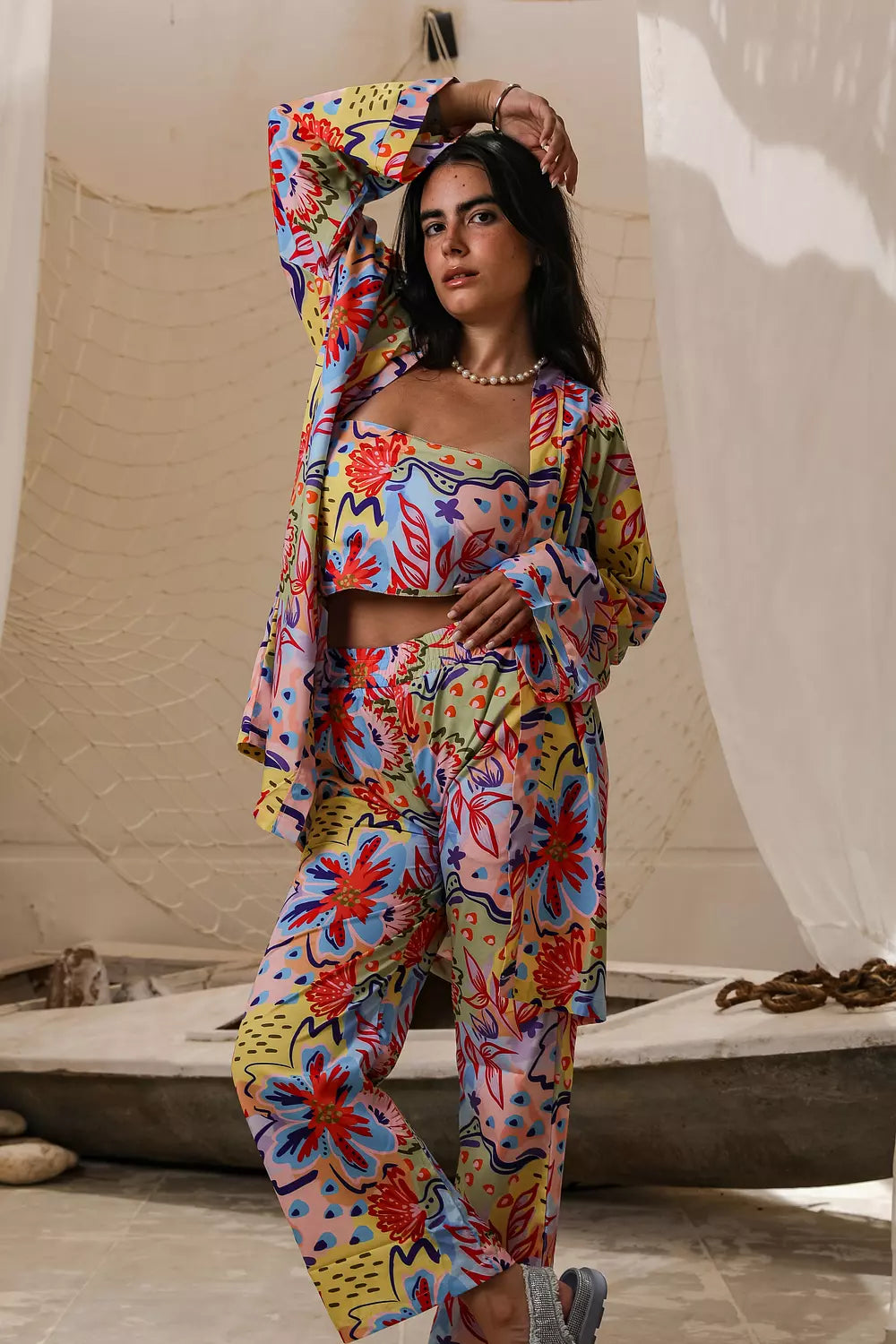 Tropical Bloom set
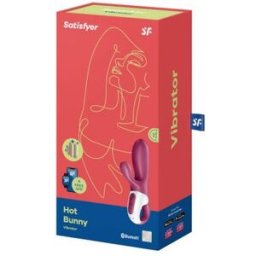 SATISFYER Hot Bunny Vibrador Punto G 1ud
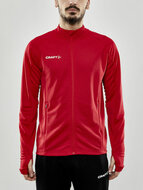 Craft Evolve Full Zip Top rood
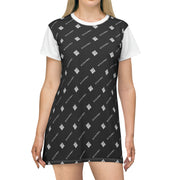 T-Shirt Dress (AOP)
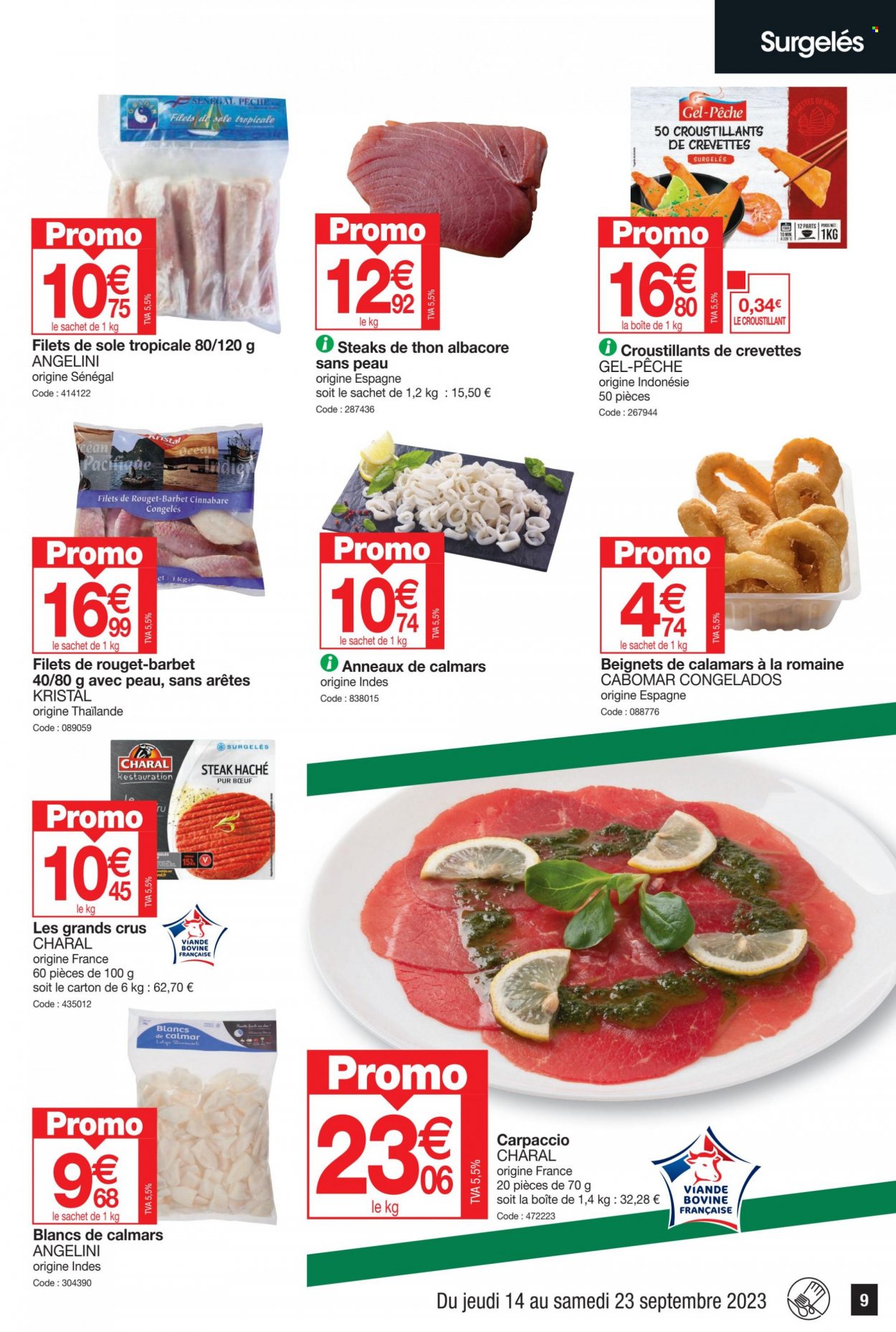 Catalogue Promocash - 14/09/2023 - 23/09/2023. Page 9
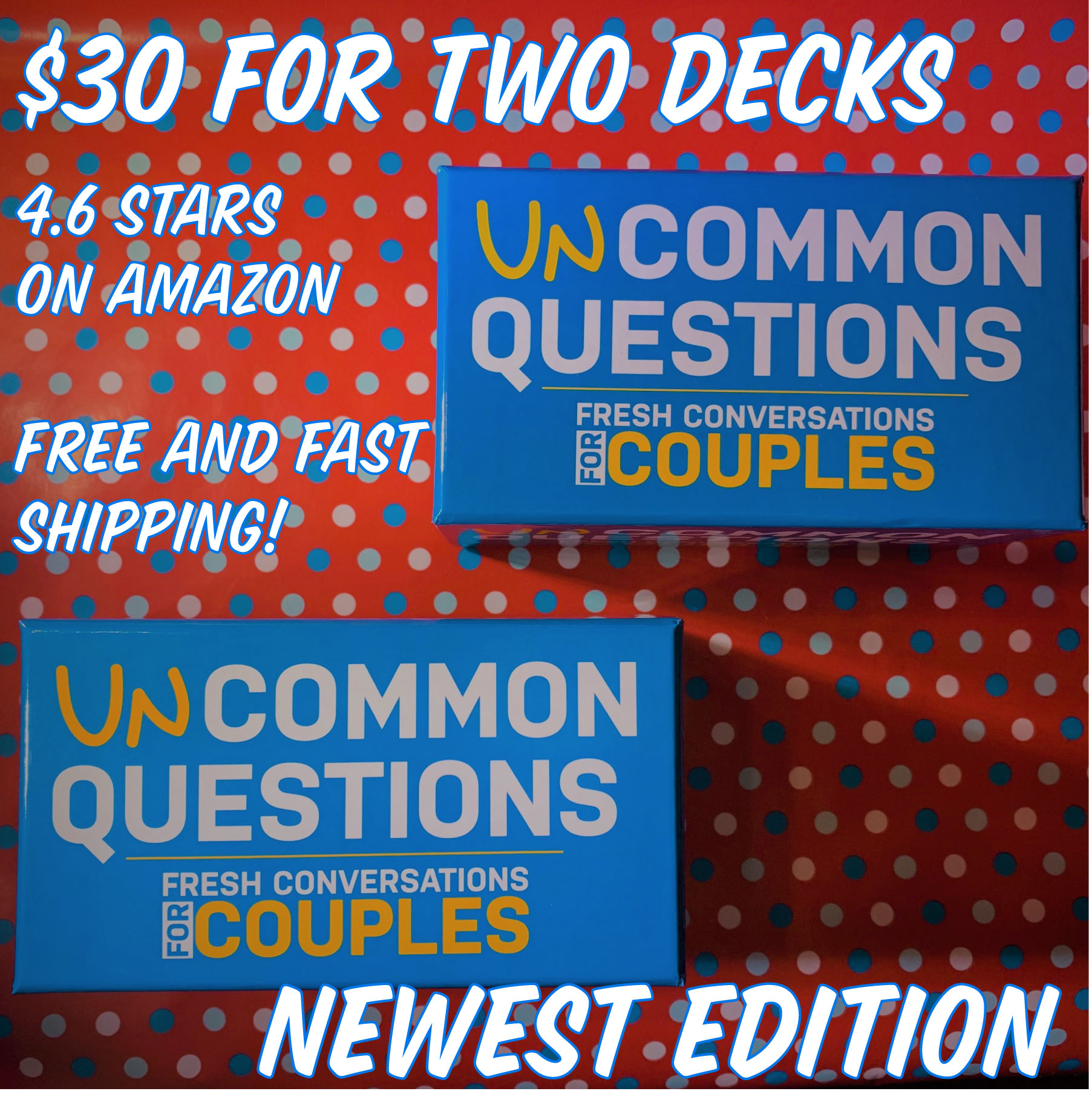 Two Sets of Uncommon Question's Couples Edition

| Problem details |
The records above need to be printed in full and exactly, without any of the pictures.

| Result below |
 Tropical Bloom set
 SATISFYER Hot Bunny Vibrador Punto G 1ud
 Craft Evolve Full Zip Top rood
 T-Shirt Dress (AOP)
 Catalogue Promocash - 14/09/2023 - 23/09/2023. Page 9
 Two Sets of Uncommon Question's Couples Edition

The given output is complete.